> **What you have to do**
Pictures are not repeated. Every line from the beginning of the entries through the one with "As parents, we" is restated exactly.

> **Exercise material**
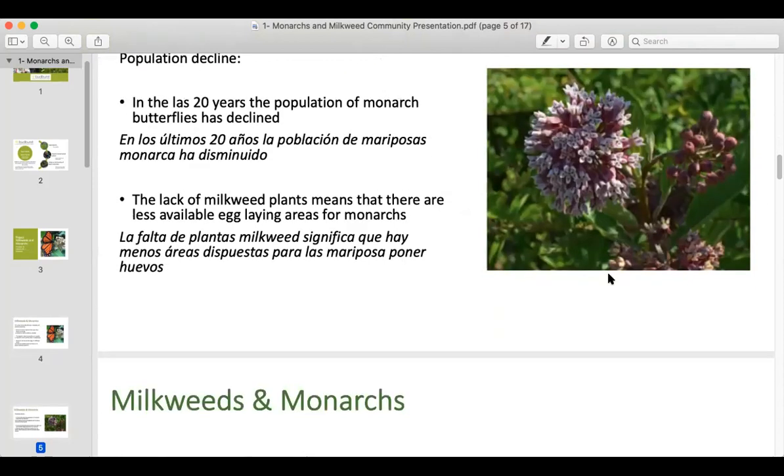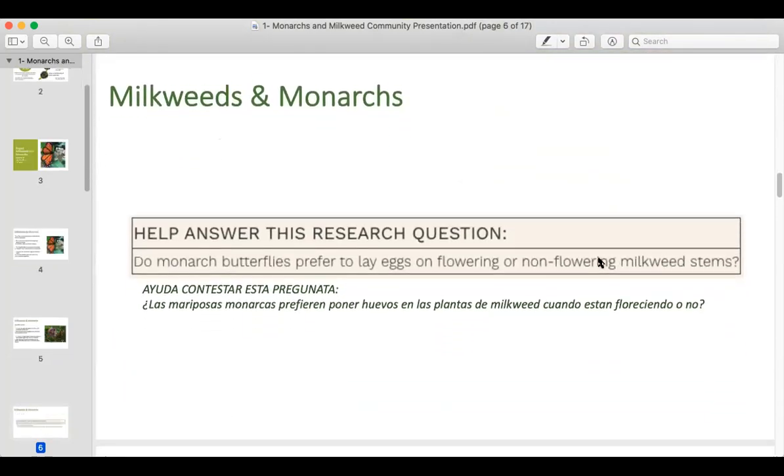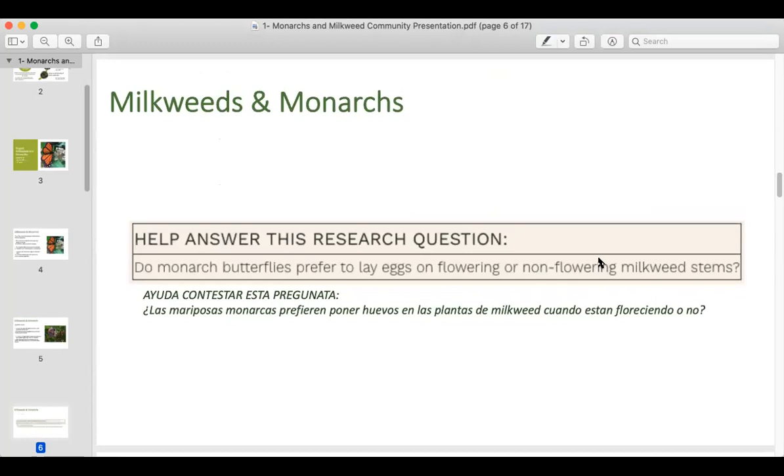That is what we're trying to investigate here, and you guys are helping us answer this research question: do Monarchs prefer to lay their eggs on flowering or non-flowering milkweed stems? We're researching this to see if there is a preference. If they prefer flowering plants, we can make sure we have as many as possible. If not, we can cut off the flowers or ensure we have younger plants for them.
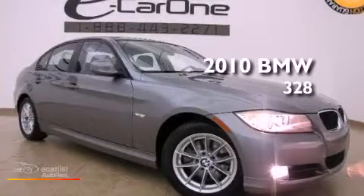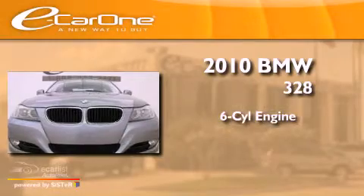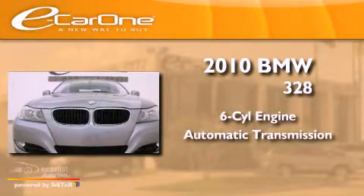This is a 2010 BMW 328. It features a six-cylinder engine and an automatic transmission.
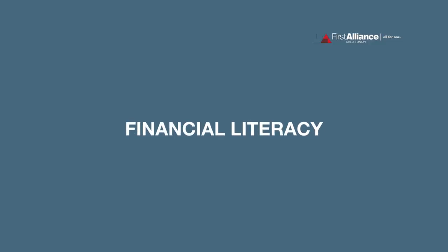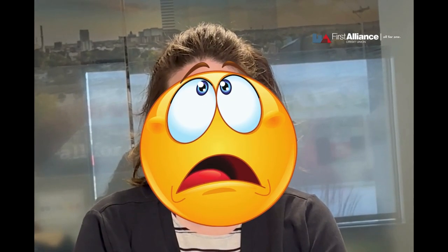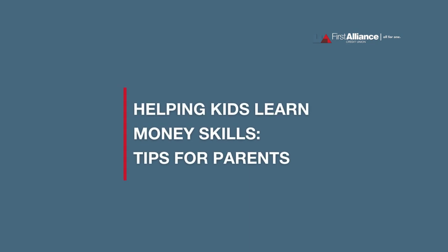As parents, we all want our children to succeed in life, and one essential skill for their success is financial literacy. But teaching kids about money can sometimes feel overwhelming. That's why we're here to share some practical tips to help you guide your child on their journey to financial confidence.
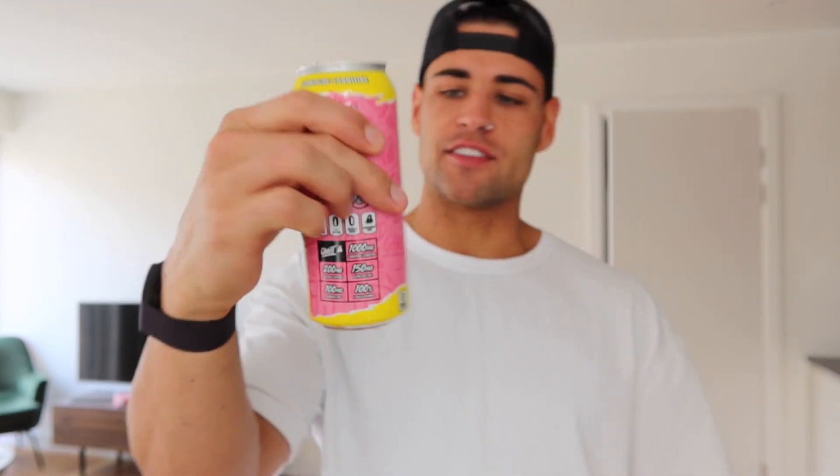Fixed! These are an absolute sensation — sour pink lemonade, Ghost Lifestyle. Can't get your hands on these in the UK, I'm afraid, which is a great shame. Unless you're me, right. Anyway, without further ado, sit back, relax, and enjoy the video.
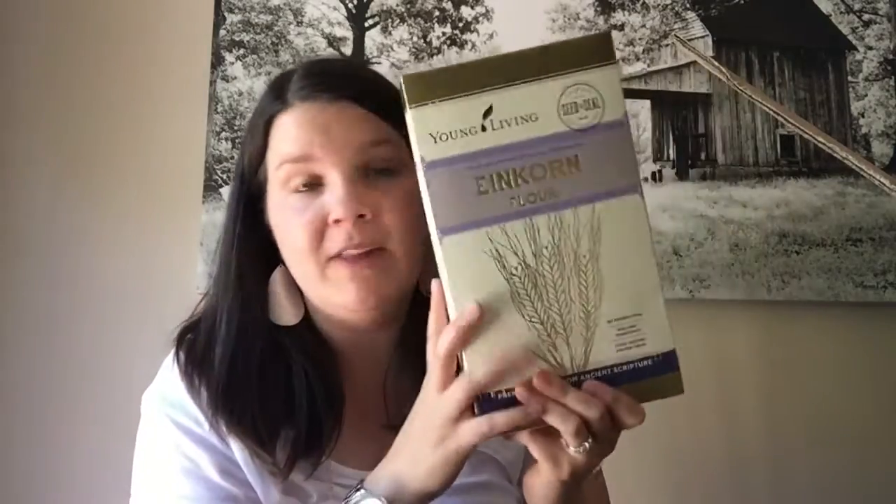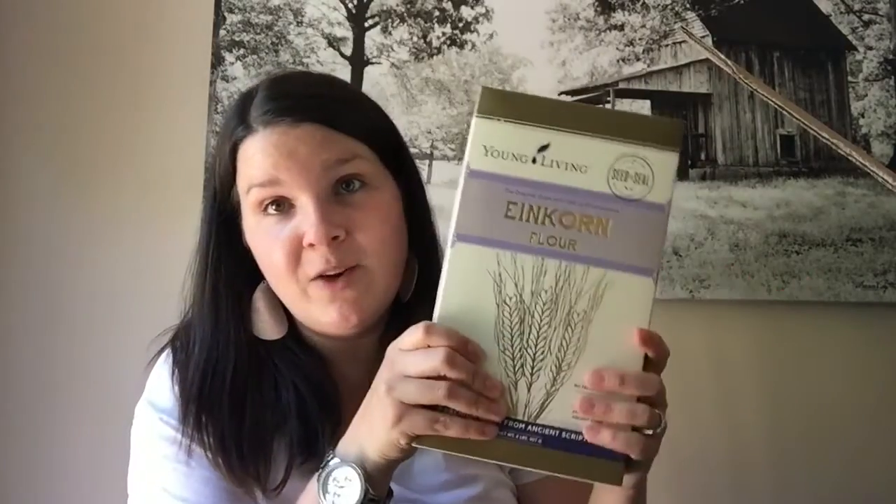More einkorn — this is the einkorn flour. This is actually my second time getting it. We use this just in place of regular flour. A little bit about einkorn: it's the oldest grain in the world and it only has 14 chromosomes, whereas most grains have 28 to 30 plus chromosomes. Basically, it takes more for your body to digest those other grains, which is why a lot of people have gluten intolerances. This is easier for your body to digest because it has less in it. All I know is we love it — we love the taste. It's just really good.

> **Exercise answer**
That is what we're trying to investigate here, and you guys are helping us answer this research question: do Monarchs prefer to lay their eggs on flowering or non-flowering milkweed stems? We're researching this to see if there is a preference. If they prefer flowering plants, we can make sure we have as many as possible. If not, we can cut off the flowers or ensure we have younger plants for them.
This is a 2010 BMW 328. It features a six-cylinder engine and an automatic transmission.
As parents, we all want our children to succeed in life, and one essential skill for their success is financial literacy. But teaching kids about money can sometimes feel overwhelming. That's why we're here to share some practical tips to help you guide your child on their journey to financial confidence.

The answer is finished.